Exercise details
Only the lines from the one that contains "this 845×633 image." through the end of the entries, both included, should be transcribed, exactly and without pictures.

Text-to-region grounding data
▼

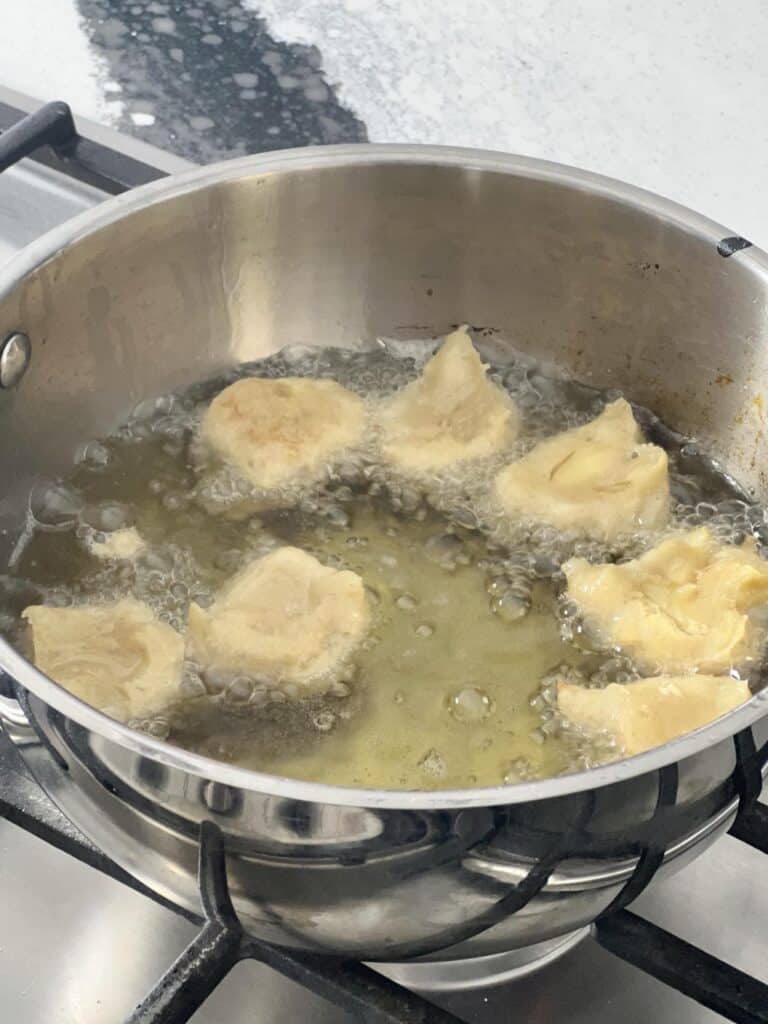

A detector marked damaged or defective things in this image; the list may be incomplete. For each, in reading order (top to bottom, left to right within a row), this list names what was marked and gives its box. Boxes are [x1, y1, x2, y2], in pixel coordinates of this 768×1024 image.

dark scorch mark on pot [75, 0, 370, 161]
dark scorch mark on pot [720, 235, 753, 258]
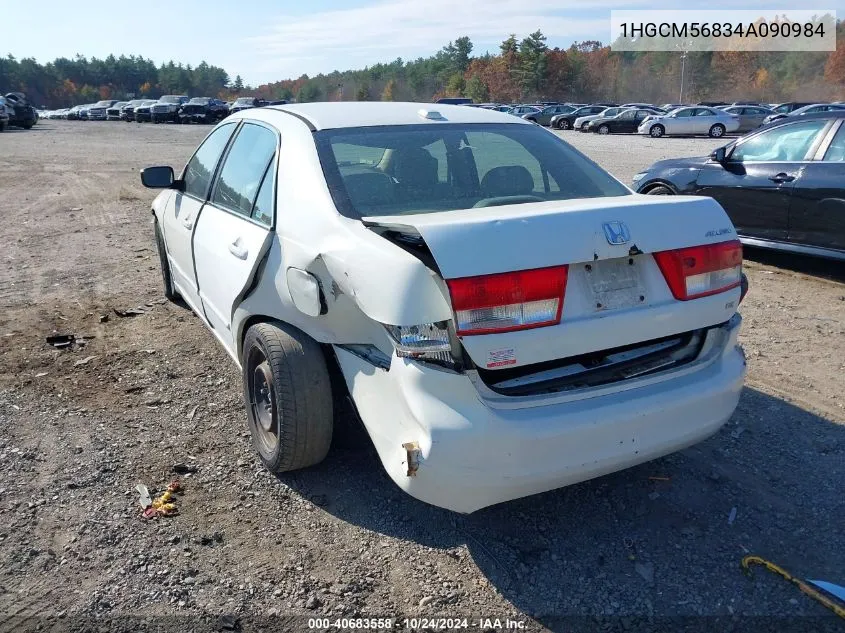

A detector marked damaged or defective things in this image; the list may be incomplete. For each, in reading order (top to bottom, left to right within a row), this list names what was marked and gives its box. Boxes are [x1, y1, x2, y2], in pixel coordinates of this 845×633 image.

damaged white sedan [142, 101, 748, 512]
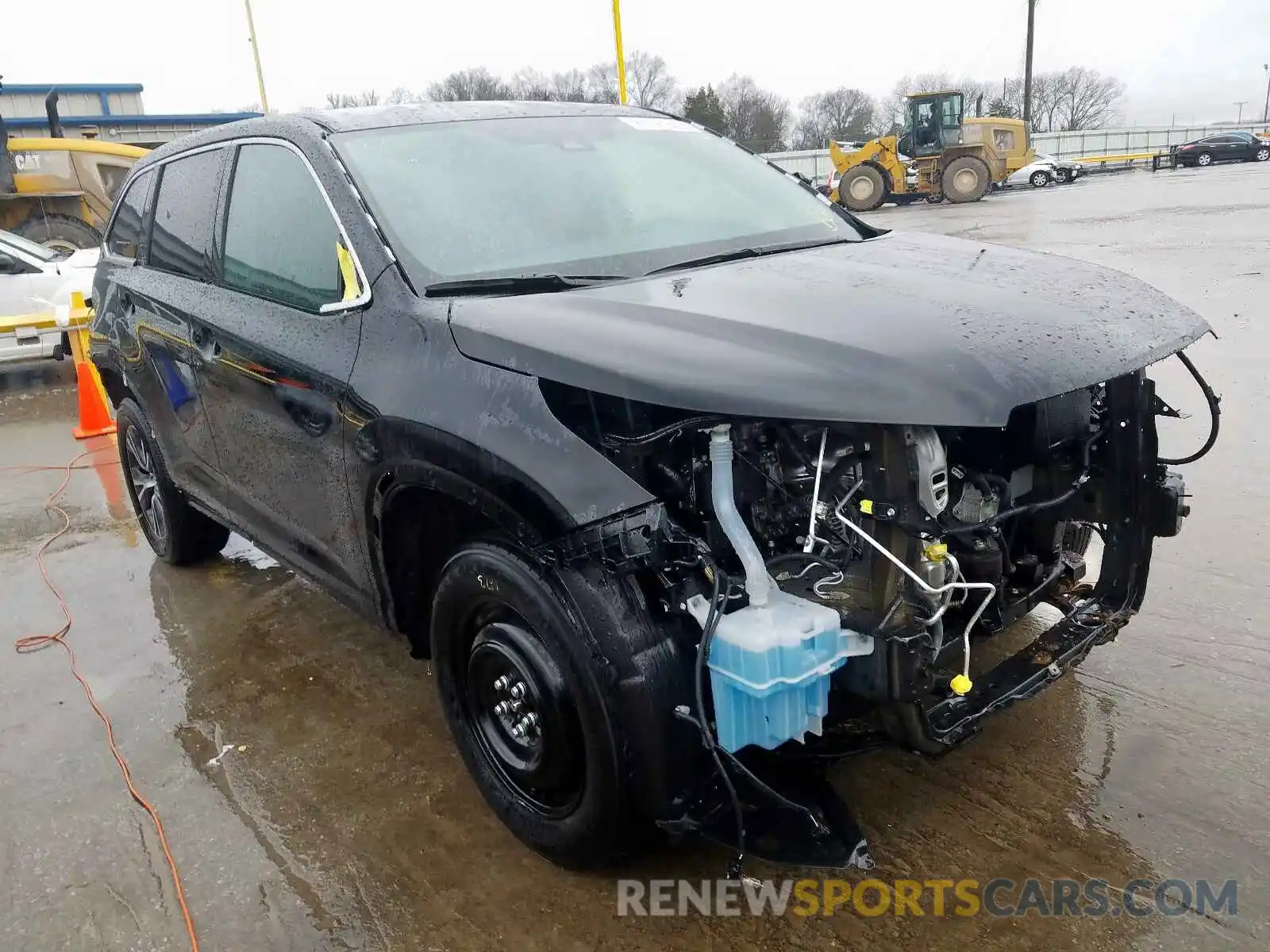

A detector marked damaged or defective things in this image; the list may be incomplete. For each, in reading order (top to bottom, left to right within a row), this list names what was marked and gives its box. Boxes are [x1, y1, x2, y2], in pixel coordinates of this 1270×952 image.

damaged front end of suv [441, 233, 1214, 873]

▲

Response area
A detector marked damaged or defective things in this image; the list may be incomplete. For each, in reading order (top to bottom, left to right within a row), this list names what was marked and gives its box. Boxes are [x1, y1, x2, y2], in pixel coordinates of this 845×633 image.

damaged white sedan [142, 101, 748, 512]

A detector marked damaged or defective things in this image; the list may be incomplete. For each, in reading order (top to bottom, left to right within a row), this list names what was marked and gives its box. Boxes are [x1, y1, x2, y2], in pixel coordinates of this 1270×952 image.

damaged front end of suv [441, 233, 1214, 873]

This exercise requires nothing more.